EXERCISE BRIEF: Output the data in full. Keep every word exact and exclude the pictures.

THE DATA:
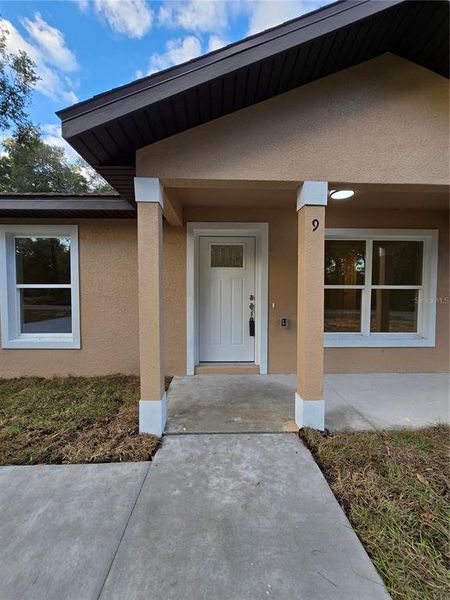 Exterior details and patio area of a home in , Ocala (Image 23).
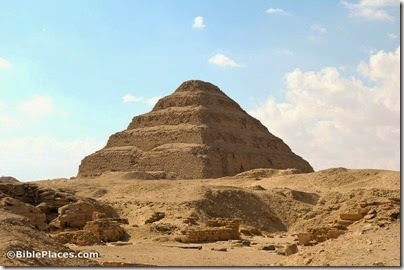 Saqqara Step Pyramid of Djoser from northeast, tb010705916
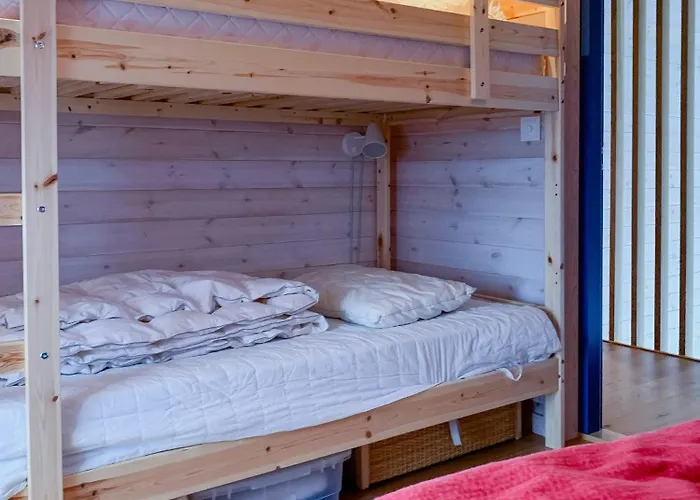 Beautiful Architecture By Vagslidvatnet Feriehus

TASK RESPONSE:
 Exterior details and patio area of a home in , Ocala (Image 23).
 Saqqara Step Pyramid of Djoser from northeast, tb010705916
 Beautiful Architecture By Vagslidvatnet Feriehus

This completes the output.